UIGHUR NAMES PRONOUNCED.

Victor Mair has provided an invaluable post over at the Log, giving audio clips of “how the most important Xinjiang names are actually pronounced in Uyghur and in Mandarin.” I never would have guessed that Taklamakan (or, as he prefers, Täklimakan) sounded like that, or that there was a strong initial stress on Tarim.
Mair quotes NY Times correspondent Ed Wong as saying that the Times had “received an email from a reader saying the NYT should change its ‘pronouncer’ on Uighurs. Right now, in our articles, the editors insert (WEE-gurs) as the pronouncer. One reader said this is not the correct pronunciation, and sounds strange to the Turkic speaker’s ear.” As I wrote in a comment there:

I will issue my standard disclaimer that English spellings and pronunciations are for the use and convenience of English speakers, and it is foolish and presumptuous to expect them to sound correct to speakers of other languages. I seriously doubt that a Uyghur speaker’s rendition of, say, “New York” would pass muster to an English speaker, and that’s as it should be. Different languages are different.

Comments

  1. i wonder why the newspaper has to insert the pronouncer even
    as if for the schoolchildren to chew them all information ready for consumption

  2. If the quoted reader really means simply that it sounds different in English from in Uyghur, then I agree with you; but “WEE-gurs” really does seem particularly different from the pronunciation in Mair’s post, where the initial <U> seems to denote a vowel. Something like “OO-ee-gurs” would be closer. (Still not perfect, since the <y> seems to denote a semivowel, but I don’t think /uj/ is a possible rime in English.) I’ll grant that there’s no reason English names have to be anything like native ones (French–français, Hebrew–ivrít, etc.), but the Times doesn’t usually give pronunciations, so their giving this one makes it seem (to me at least) that they’re going for an approximation of the native name, rather than simply informing their readership of the usual English pronunciation. (But maybe I’m reading too much into it.)
    I was more struck, personally, by the phrase “the Turkic speaker’s ear”. Isn’t Turkic a fairly large and diverse language family? As an English speaker, I can’t imagine objecting to a mispronunciation of a German name, and placing myself as an expert on the grounds of my “Germanic speaker’s ear”. Am I missing something here?

  3. Perhaps one could object to a pronunciation on general Turkic grounds because it was missing vowel harmony.

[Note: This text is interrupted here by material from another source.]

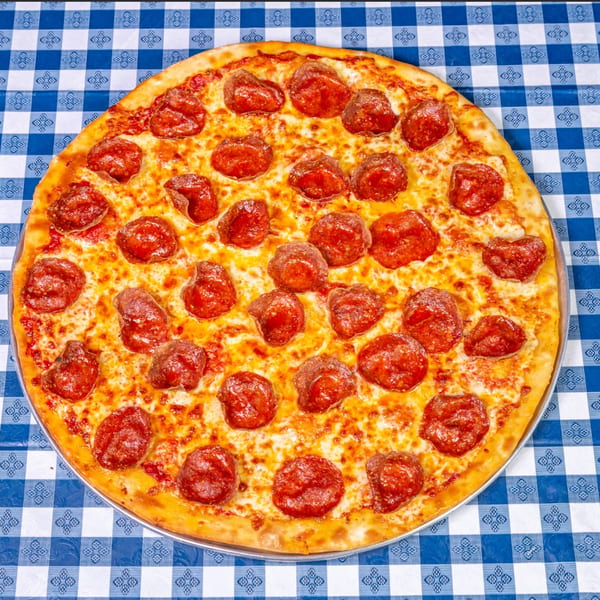 A Big Dog's Pizza pepperoni pizza on a blue and white checkered tablecloth.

  4. I thoroughly agreed with your comment at Language Log, Mr Hat. Trying to imitate the native pronunciation of foreign names seems to be a modern fetish (our grandparents would have found it absurd) and is anyway doomed to failure — who can be expected to master the native ways of saying all the cities in the world, especially as we don’t know which previously obscure place will be in the news next?
    What about cities with two (or more) native names and pronunciations? Are we supposed to talk about Bruxelles when talking about its Francophone inhabitants and about Brussel when talking about its Dutch-speaking inhabitants? What if the story concerns both: do we say “Bruxelles-Brussel”? Come to that, as lots of English speakers live there we should perhaps call it “Bruxelles-Brussel-Brussels”.
    Ran: I was more struck, personally, by the phrase “the Turkic speaker’s ear”. I was struck by that as well (before reading your comment). German is reasonably easy to pronounce (easier than French, say), however, and Dutch would make a better example — even Germans can’t pronounce Scheveningen properly.

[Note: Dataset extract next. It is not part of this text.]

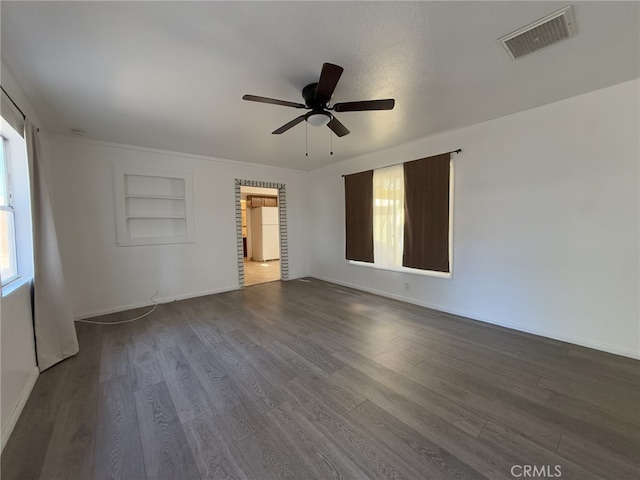 spare room featuring visible vents, dark wood finished floors, and baseboards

  5. Bornoz (Turkish for 'bathrobe') says

    To me it sounded like ‘Wayghur’, i.e., with /wei/ rather than /wi/. What struck me more was the fact that the ‘g’ is a fricative, and the last vowel is very clearly /u/. So in fact the sound is not so far off. English speakers shouldn’t have to pronounce a fricative guttural sound (if guttural is the right word), nor should an unstressed syllable be pronounced with a full vowel. The only change I would make is to substitute ‘way’ for ‘we’ in the first syllable.

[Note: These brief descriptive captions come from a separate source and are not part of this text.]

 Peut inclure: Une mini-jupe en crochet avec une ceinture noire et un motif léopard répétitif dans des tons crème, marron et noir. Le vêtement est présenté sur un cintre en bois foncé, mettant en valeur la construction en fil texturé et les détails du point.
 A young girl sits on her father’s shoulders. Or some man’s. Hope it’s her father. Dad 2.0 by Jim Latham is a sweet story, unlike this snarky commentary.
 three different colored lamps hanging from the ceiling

  6. our pronounciation is perhaps the closest to the native Uighur – ooygoor
    and i can understand why Uighurs feel touchy about mispronouncing their self-identifying word, all their struggle is about preserving their identity, self-determination
    if not solidarity with them at least not mocking is maybe like too much to expect from the sophisticated readers of the NYT
    Athel Cornish-Bowden, i congratulate you, you fall so easily into the tone of your beloved NYT when it writes about the world affairs and obscure places, the same arrogance and bezapellyatsionnost’

  7. Isn’t Turkic a fairly large and diverse language family
    Not that diverse compared to many European language families. A native Turkish speaker can certainly understand basic phrases in Uyghur. The languages have greater mutually intelligibility than English and Dutch or English and German. But then you also have the issue of pan-Turkish nationalism. Many Turks believe they should be able to understand Uyghur (or Uzbek or Kazakh) because all Turks are one people or something (sort of the same way many Chinese will try to gloss over the profound differences between Cantonese and Mandarin) and probably act like they understand more than they really do. To my ear, attuned to Kazakh and Kyrgyz, I thought the Uyghur sounded very soft, almost as if the speaker had a slight Mandarin accent.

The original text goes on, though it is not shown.